By Gordon Williams
When it comes to bringing relief to disaster victims, Red Cross volunteer David Allen of Oak Harbor WA, has done it all — from house fires around the corner to storms a continent away. Most of his responses have been done with his wife Sherrie at his side. “Almost everything we do, we do as a team,” he says.
Nor is the Red Cross his first act of service. Before he retired from active duty, David spent 20 years in the military — part of it on active duty in posts from Iraq to Afghanistan and part of it with the National Guard in Alaska. His military specialties were transportation and logistics — the art and science of keeping troops well-supplied with food, clothing and equipment.
That background in logistics was perfect training for his role with the American Red Cross. On deployment, he and Sherrie are most often to be found doing mass care, which involves working in disaster scene shelters, keeping evacuees warm, dry and well-fed.
The Allens were living near Anchorage, Alaska when David retired from the military. David was not sure where he wanted to live in retirement, but there was one thing he was sure about. “We were tired of the snow,” he says. In search of a milder climate, they moved to Washington.
David knew he wanted to continue serving others in retirement, so he checked into the Red Cross — first becoming a volunteer in 2015. It was an easy call for them. “My wife and I knew we wanted to work with the Red Cross,” he says. “We couldn't volunteer as long as I was involved with the National Guard. When I retired, we both volunteered.”
David admits he had only a hazy idea of what the Red Cross did when he joined up. “We knew they helped people during disasters, but we thought that mostly involved handing out coffee and donuts.” He has been involved in enough deployments since then to know exactly what the Red Cross does, which is a whole lot of things that provide aid to victims of fire, flood and storm.
He and Sherrie both serve on disaster action teams (DAT) in his home Northwest Washington chapter. The chapter is headquartered in Everett and serves five counties in the Northwest corner of the state. It is part of the Red Cross Northwest Region, serving Washington and the five northern counties of Idaho.
DAT teams deliver Red Cross services to disaster scenes in their backyards. Mostly that involves house fires, but can also include wildfires, landslides, storms and floods. One of Allen's most memorable responses to a nearby disaster was the 2022 Everson flood in Whatcom County, The Nooksack River overflowed its banks and roared down Everson’s Main Street in a wall of water five feet high. The Allens have also responded to flooding from King Tides that swept in from the Pacific.
If many Red Cross responses have been around the corner, some have been far from home. In one memorable episode, they drove a Red Cross emergency response vehicle (ERV) 3,000 miles from Washington to Hurricane Irma in Florida. “When we were done in Florida, we drove the ERV back 3,000 miles to Washington,” he says. “We had only been home for 10 days when they asked us to drive the ERV to California where they were having wildfires,”
Before that summer was over, the couple had driven the ERV over 10,000 miles. “That was a great experience,” David says. “I would do it again in a heartbeat.”

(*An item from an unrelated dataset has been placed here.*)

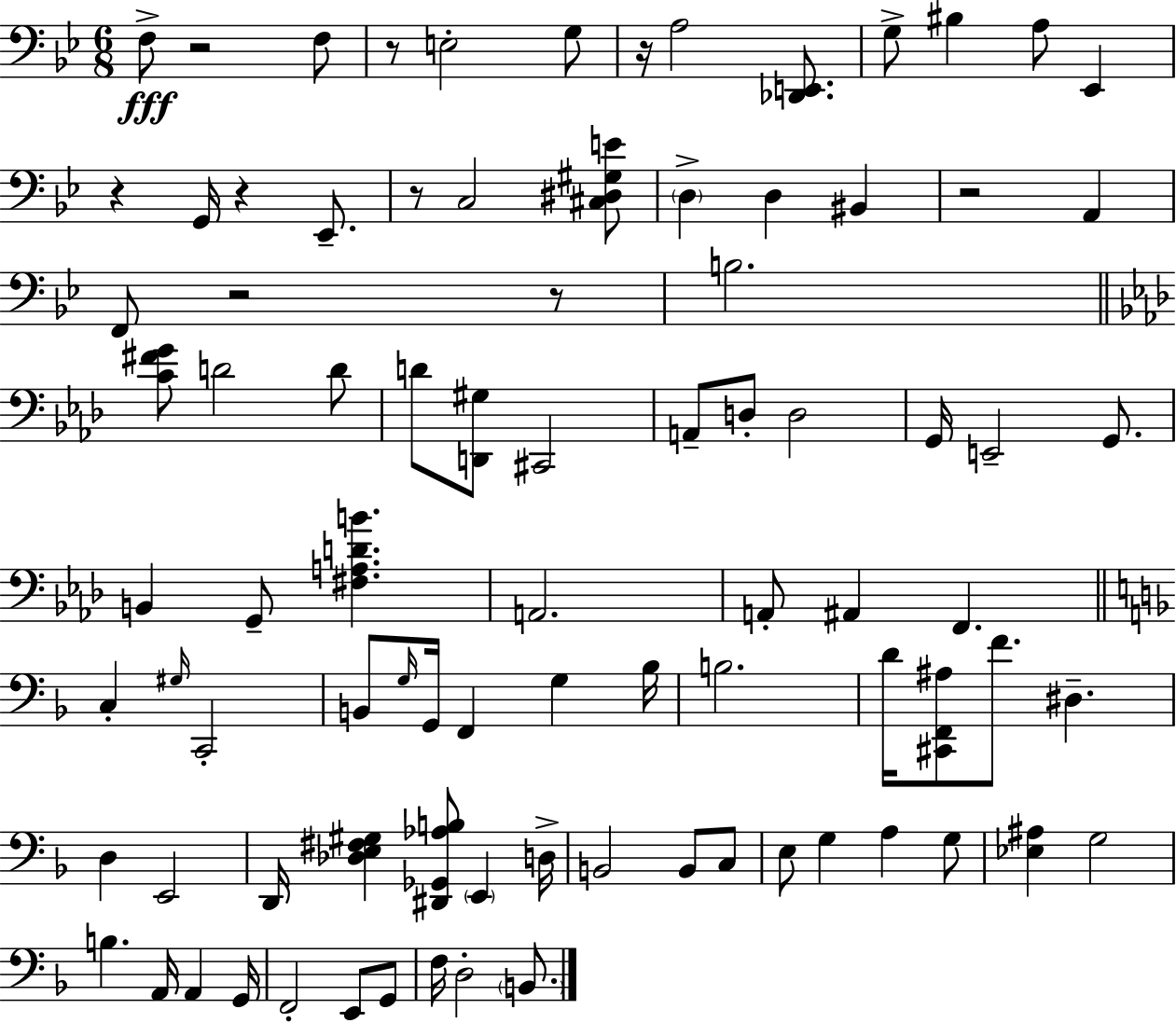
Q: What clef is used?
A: bass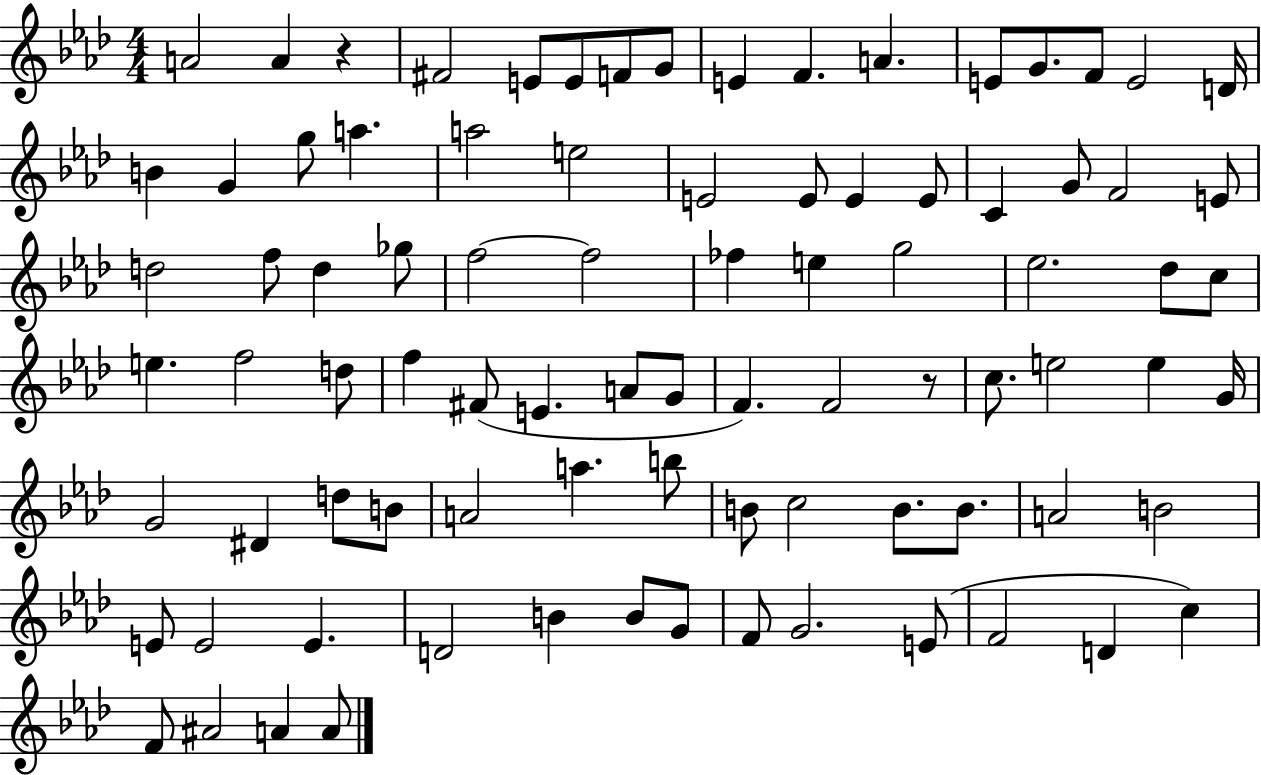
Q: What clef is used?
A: treble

Ryan Mcallister, disaster program manager for the Red Cross Northwest Chapter, says he appreciates how quick David and Sherrie are to respond when called upon. Both have volunteered to deploy to a disaster scene even before they were called on.
A major Red Cross effort in the fall of 2023 was the response to wildfires that swept the countryside near Spokane. The couple had been deployed to a hurricane that threatened Texas. “But it never arrived,” David says. “We spent three days down there and nothing was happening,” David says. At the same time, the Oregon Road fire near Spokane was getting bigger and bigger.
“We called up the incident commander of the Oregon Road fire and asked if we could go directly there without going home,” David says. In the end, the Allens spent 10 days at the Oregon Road fire, a blaze that stands out in David’s mind for its sheer ferocity.
“I have been to war twice yet I had never seen the destruction that a wildfire can cause,” he says. “I saw block after block with everything destroyed. I saw homes burned down to their foundations and burned cars with their metal frames melted.”
Having seen what damage natural disasters cause, and how much relief a Red Cross response can bring, they intend to keep volunteering as long as they can do so. “It's a great way to serve your fellow human,” David says. “We always look at the service we give clients as an extension of our Christian obligation to serve.”